Le souvenir de mon arrivée m’a aidée à traverser des temps difficiles. Le lendemain, la sœur de mon mari est arrivée avec son fiancé. Elle était adorable et compréhensive : je l’ai aimée tout de suite. Ils nous ont emmenés à Brampton. L’auto m’avait l’air géante, tout comme la grande vieille maison. Devant la maison, des marronniers magnifiques ; dans le jardin, à l’arrière, des arbres fruitiers dont les fruits étaient sur les branches, pour que je puisse les voir et y goûter. La famille s’était réunie pour me rencontrer et m’accueillir. Le vicaire, ou le ministre comme ils l’appelaient, m’a offert un bouquet de glaïeuls et une bénédiction. Comment pouvais-je être si chanceuse après les histoires d’autres épouses de guerre que j’avais lues et les difficultés qu’elles avaient eues en arrivant ? Plus tard, cette semaine-là nous sommes partis pour Stratford où mon mari avait décidé de reprendre son emploi à la banque. Même si j’avais le mal du pays, si je me sentais souvent seule et si je m’ennuyais, j’ai trouvé un poste à temps partiel et je me suis fait ma première amie canadienne. L’IODE (Organisation caritative de femmes canadienne) locale a organisé un dîner et un bal spécialement pour les épouses de guerre locales : j’ai été surprise de voir combien nous étions. A partir de ce moment-là, certaines d’entre nous nous sommes rencontrées et nous sommes entraidées dans les moments difficiles, les incompréhensions, les ajustements et cette expérience la plus douloureuse qu’est le mal du pays.
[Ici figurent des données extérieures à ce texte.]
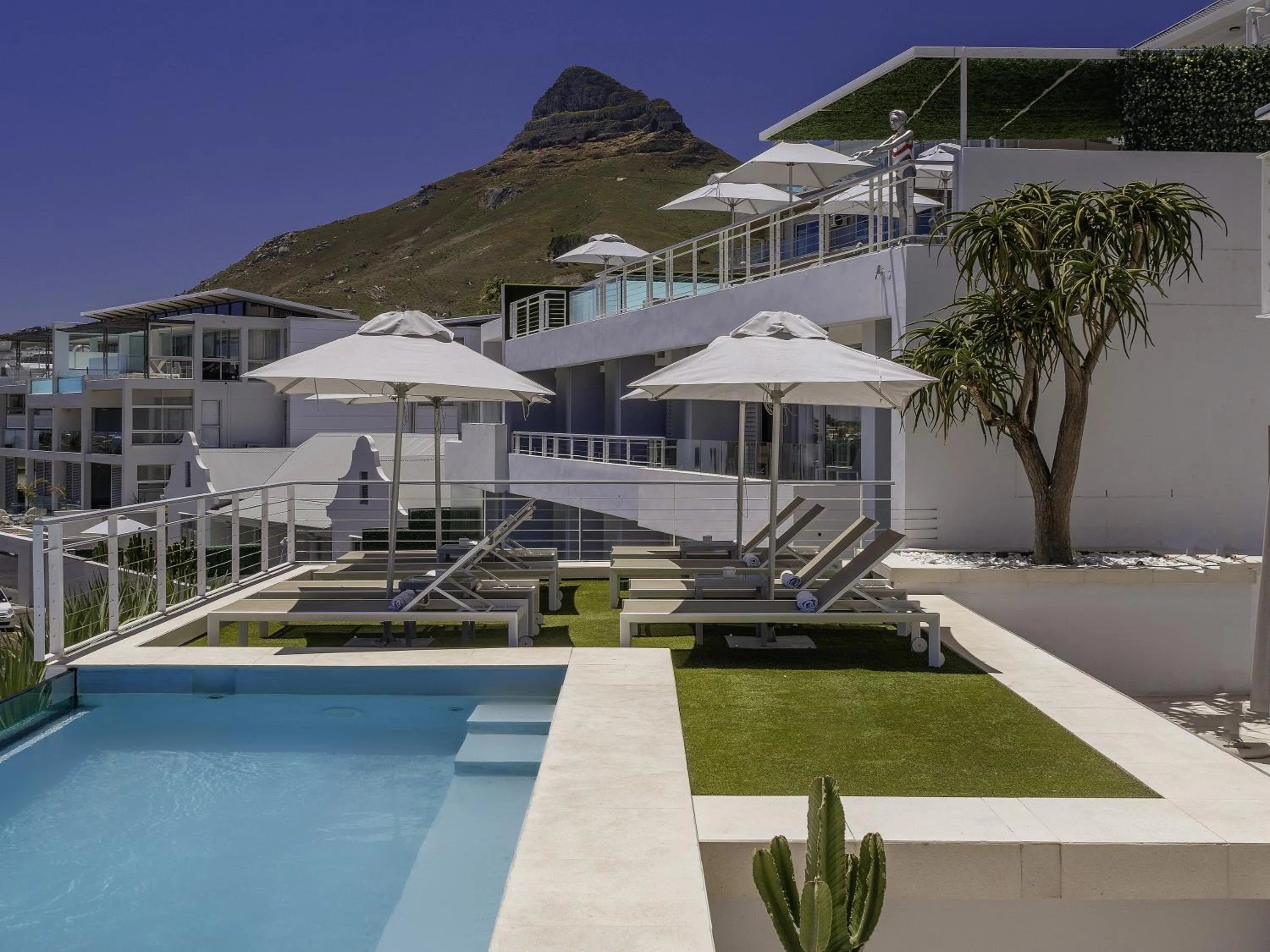 Property building in South Beach Camps Bay Boutique Hotel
Quand mon fils est né, j’ai senti que j’avais des racines. Il était canadien mais il était aussi une partie de moi. Un an plus tard je l’ai emmené en Angleterre pour que sa famille anglaise puisse l’admirer, ce qu’ils ont fait. Quand on est rentrés je me suis sentie mieux installée. C’est égoïste mais je dois admettre que les choses n’étaient pas faciles en Angleterre dans les années 50 et qu’en comparaison, nous étions chanceux. Ce n’est pas surprenant que tant de familles aient émigré au Canada et en Australie. Ceux que j’aime m’ont toujours manqué, la campagne également, mais j’ai commencé à aimer la campagne canadienne, tellement différente, tellement immense. Avec deux enfants de plus dans la famille, nous avons campé dans de nombreuses provinces, toutes magnifiques de différentes façons. J’ai eu la chance de visiter souvent l’Angleterre. J’aime toujours mon pays de naissance et tous les gens qui y habitent. Le Canada m’a permis de grandir et d’élargir mes expériences. De cela je suis reconnaissante.